#### [DIRECTIONS]
Lift out, unaltered, the lines of the material below between the line holding "Geometric Zodiac Signs" and the line holding "A pumpkin with a body View", counting both.
----
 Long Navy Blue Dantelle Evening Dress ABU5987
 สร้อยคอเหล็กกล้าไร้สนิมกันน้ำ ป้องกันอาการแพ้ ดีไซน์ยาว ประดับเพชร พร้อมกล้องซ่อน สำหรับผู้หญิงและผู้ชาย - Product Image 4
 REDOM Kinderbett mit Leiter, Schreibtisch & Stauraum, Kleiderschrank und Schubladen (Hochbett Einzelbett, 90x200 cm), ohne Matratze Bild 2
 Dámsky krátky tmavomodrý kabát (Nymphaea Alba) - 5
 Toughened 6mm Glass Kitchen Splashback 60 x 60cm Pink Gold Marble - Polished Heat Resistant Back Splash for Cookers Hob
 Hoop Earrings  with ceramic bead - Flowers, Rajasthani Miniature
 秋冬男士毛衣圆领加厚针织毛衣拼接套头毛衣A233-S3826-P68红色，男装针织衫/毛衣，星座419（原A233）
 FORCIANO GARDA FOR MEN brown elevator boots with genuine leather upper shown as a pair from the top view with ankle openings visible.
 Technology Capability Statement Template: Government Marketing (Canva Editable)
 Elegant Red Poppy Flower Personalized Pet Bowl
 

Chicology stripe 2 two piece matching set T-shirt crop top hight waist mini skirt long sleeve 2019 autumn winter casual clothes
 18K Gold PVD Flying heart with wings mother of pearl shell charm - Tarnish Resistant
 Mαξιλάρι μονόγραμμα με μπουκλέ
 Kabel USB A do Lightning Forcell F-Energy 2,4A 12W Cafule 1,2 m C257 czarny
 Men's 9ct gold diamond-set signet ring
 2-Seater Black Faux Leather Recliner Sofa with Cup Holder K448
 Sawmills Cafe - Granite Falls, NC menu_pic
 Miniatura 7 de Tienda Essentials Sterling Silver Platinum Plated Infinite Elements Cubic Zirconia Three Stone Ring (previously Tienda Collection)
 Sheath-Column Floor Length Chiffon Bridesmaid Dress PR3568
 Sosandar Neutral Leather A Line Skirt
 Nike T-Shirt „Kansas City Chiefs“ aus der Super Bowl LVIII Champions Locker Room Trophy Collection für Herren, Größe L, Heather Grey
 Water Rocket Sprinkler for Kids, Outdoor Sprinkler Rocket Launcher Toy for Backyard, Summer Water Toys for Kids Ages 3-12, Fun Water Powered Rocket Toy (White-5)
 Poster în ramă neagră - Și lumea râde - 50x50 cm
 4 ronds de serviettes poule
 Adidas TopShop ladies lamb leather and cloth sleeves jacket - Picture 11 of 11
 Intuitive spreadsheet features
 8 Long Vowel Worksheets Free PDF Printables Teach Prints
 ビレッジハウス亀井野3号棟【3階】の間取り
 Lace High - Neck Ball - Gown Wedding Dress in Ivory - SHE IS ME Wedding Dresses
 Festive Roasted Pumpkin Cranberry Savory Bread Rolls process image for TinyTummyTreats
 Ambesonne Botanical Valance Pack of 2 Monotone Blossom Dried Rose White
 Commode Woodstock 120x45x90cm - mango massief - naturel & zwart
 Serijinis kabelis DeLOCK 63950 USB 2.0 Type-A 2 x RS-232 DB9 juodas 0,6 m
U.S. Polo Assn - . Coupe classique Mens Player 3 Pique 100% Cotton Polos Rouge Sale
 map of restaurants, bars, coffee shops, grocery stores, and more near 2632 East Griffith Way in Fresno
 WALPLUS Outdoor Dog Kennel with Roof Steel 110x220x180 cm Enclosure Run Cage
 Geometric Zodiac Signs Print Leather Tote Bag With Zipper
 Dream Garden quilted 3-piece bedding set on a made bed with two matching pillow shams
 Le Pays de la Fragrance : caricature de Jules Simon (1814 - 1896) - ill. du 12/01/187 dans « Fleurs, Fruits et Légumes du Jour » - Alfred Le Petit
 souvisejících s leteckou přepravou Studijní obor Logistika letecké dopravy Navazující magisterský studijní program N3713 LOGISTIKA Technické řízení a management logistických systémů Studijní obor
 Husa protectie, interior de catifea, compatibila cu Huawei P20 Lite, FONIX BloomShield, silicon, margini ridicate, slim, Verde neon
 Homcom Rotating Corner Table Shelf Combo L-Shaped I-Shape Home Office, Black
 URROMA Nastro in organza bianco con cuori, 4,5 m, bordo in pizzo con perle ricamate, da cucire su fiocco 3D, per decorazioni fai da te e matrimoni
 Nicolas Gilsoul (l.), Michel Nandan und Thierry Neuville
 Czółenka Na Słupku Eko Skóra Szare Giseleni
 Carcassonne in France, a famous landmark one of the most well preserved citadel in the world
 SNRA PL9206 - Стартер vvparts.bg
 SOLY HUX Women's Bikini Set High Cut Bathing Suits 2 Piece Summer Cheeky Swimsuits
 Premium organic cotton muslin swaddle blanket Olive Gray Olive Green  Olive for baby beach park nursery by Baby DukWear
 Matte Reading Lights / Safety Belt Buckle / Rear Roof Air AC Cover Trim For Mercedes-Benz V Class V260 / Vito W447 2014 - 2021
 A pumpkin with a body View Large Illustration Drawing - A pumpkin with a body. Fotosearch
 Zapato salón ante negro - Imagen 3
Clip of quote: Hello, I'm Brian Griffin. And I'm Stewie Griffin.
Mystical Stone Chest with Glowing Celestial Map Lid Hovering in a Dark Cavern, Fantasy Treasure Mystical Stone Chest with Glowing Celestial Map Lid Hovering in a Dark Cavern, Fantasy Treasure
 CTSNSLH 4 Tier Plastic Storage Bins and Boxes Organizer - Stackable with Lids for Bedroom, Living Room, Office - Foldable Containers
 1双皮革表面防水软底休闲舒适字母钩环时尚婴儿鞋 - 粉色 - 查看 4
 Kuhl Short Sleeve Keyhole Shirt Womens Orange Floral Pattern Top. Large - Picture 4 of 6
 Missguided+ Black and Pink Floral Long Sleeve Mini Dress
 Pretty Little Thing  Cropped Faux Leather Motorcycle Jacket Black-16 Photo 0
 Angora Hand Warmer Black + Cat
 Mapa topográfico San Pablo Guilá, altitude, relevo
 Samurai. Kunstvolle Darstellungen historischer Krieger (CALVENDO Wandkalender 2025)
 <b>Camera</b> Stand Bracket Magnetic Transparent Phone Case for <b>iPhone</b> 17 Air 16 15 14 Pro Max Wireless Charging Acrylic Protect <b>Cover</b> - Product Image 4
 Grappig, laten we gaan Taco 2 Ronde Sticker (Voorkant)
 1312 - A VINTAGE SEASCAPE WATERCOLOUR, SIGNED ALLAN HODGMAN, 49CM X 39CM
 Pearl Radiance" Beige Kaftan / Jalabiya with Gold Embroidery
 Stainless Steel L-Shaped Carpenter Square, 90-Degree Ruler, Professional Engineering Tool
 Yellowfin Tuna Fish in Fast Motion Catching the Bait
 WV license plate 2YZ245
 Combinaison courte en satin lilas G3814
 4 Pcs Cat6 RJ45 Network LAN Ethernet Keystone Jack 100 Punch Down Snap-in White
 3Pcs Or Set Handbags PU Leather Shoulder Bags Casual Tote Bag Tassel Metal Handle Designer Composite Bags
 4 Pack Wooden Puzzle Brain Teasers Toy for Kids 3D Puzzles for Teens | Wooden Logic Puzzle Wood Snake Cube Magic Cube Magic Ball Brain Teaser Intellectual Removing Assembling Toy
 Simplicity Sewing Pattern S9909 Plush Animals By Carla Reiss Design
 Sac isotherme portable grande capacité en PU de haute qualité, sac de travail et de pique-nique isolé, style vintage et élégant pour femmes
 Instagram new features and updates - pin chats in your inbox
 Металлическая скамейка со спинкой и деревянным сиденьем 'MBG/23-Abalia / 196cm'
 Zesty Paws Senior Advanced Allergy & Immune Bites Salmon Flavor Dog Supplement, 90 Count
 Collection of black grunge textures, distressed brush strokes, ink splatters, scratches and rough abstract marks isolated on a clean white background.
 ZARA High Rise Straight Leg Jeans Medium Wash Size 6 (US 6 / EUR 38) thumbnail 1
----
#### [EXERCISE RESPONSE]
 Geometric Zodiac Signs Print Leather Tote Bag With Zipper
 Dream Garden quilted 3-piece bedding set on a made bed with two matching pillow shams
 Le Pays de la Fragrance : caricature de Jules Simon (1814 - 1896) - ill. du 12/01/187 dans « Fleurs, Fruits et Légumes du Jour » - Alfred Le Petit
 souvisejících s leteckou přepravou Studijní obor Logistika letecké dopravy Navazující magisterský studijní program N3713 LOGISTIKA Technické řízení a management logistických systémů Studijní obor
 Husa protectie, interior de catifea, compatibila cu Huawei P20 Lite, FONIX BloomShield, silicon, margini ridicate, slim, Verde neon
 Homcom Rotating Corner Table Shelf Combo L-Shaped I-Shape Home Office, Black
 URROMA Nastro in organza bianco con cuori, 4,5 m, bordo in pizzo con perle ricamate, da cucire su fiocco 3D, per decorazioni fai da te e matrimoni
 Nicolas Gilsoul (l.), Michel Nandan und Thierry Neuville
 Czółenka Na Słupku Eko Skóra Szare Giseleni
 Carcassonne in France, a famous landmark one of the most well preserved citadel in the world
 SNRA PL9206 - Стартер vvparts.bg
 SOLY HUX Women's Bikini Set High Cut Bathing Suits 2 Piece Summer Cheeky Swimsuits
 Premium organic cotton muslin swaddle blanket Olive Gray Olive Green  Olive for baby beach park nursery by Baby DukWear
 Matte Reading Lights / Safety Belt Buckle / Rear Roof Air AC Cover Trim For Mercedes-Benz V Class V260 / Vito W447 2014 - 2021
 A pumpkin with a body View Large Illustration Drawing - A pumpkin with a body. Fotosearch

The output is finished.